How measuring response time in consumer research adds another layer of knowledge to your insights.
Our client wanted to reposition its brand by making it more premium, more attractive to women in particular and addressing the “UNIQUENESS” and “LUXURY” need states specifically. The company developed a TV advertisement to address the sought target and positioning, and wanted to verify its effectiveness. In addition, the client wanted to know how credible is the explicit data gathered through the process of interviewing and is there any additional, hidden and intangible context in consumers’ answers to be taken into account when evaluating the communication.
We ran a quantitative survey: a central location ad test, where women were invited to watch the advertisement and evaluate it through a structured self-completion questionnaire, designed to measure the response time for each of the covered KPIs at respondent level. With this response time at hand, we were able to tell:
What was the level of certainty in answering a question: were the respondents sure (answering fast), or they doubted and thought a lot before providing an answer (answering slow);
What was the share of the “high certainty” answers at particular question – and who were the respondents to answer with high certainty, compared to those who answered with low certainty.

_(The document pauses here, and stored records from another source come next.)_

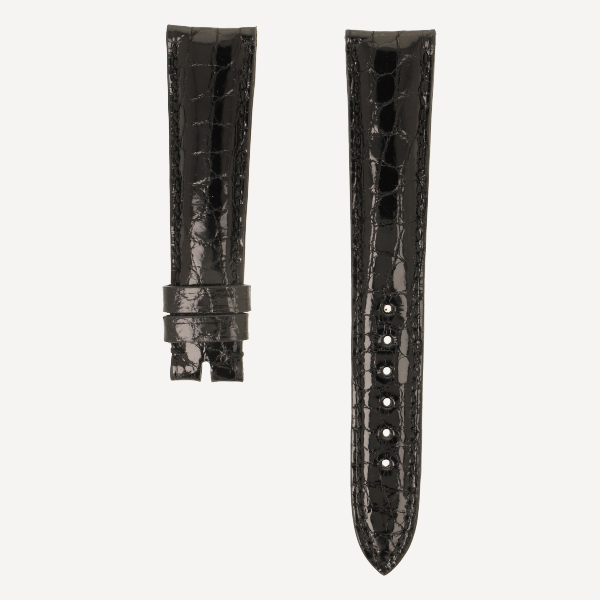 Alligator FC brillant bombé, Breite 17/14, Länge 105/70, Farbe schwarz, Ton in Ton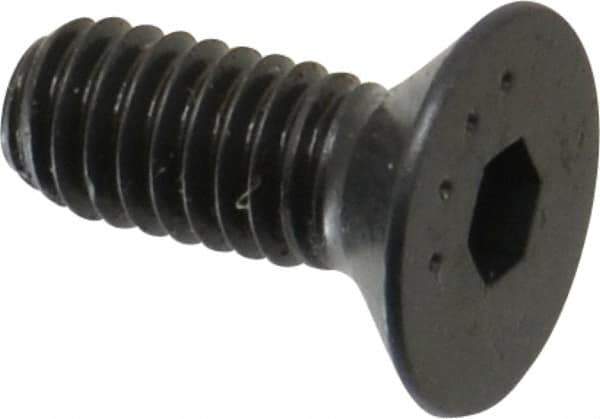 Made in USA - M4x0.70 Metric Coarse Hex Socket Drive, 90° Flat Head Socket Cap Screw - Grade 10.9 Alloy Steel, Black Oxide Finish, Fully Threaded, 10mm Length Under Head - Industrial Tool & Supply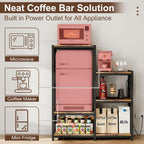 Mini Fridge Stand Coffee Bar Cabinet Station With Small Refrigerator Insert Storage Space, Shelf Organizer For Dorm Microwave To Sit On, Baker Rack With Power Outlet, Big Table To Go Over Hide Fridge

The combined analysis of the explicit (respondent answers) and the implicit (response time) survey data revealed the commercial to communicate unmistakably the category and the brand being advertised. Yet, the intended brand message was not clearly understood. Verifying further the answers versus the time they took at respondent level, we discovered the advertisement to address the “ENJOIMENT” and “CALMNESS”, rather than the sought “UNIQUENESS” and “SUPERIORITY” need states. In addition, despite the declared high level of associations with important and pleasurable constructs (vital for the success of any communication), the long response time on these questions exposed the low level of certainty / over-claim in the answers and confirmed the risk of the communication ineffectiveness.
Adding the implicit data to the traditional analysis of explicit survey results helped our client to understand better the kind and the size of the risks related to the planned communication. The final decision was to re-design the advertisement in order to settle its flaws (“pale” message and wrong positioning), increase its salience (associations with important and pleasurable constructs) and keep its excellent performance in branding and category growth.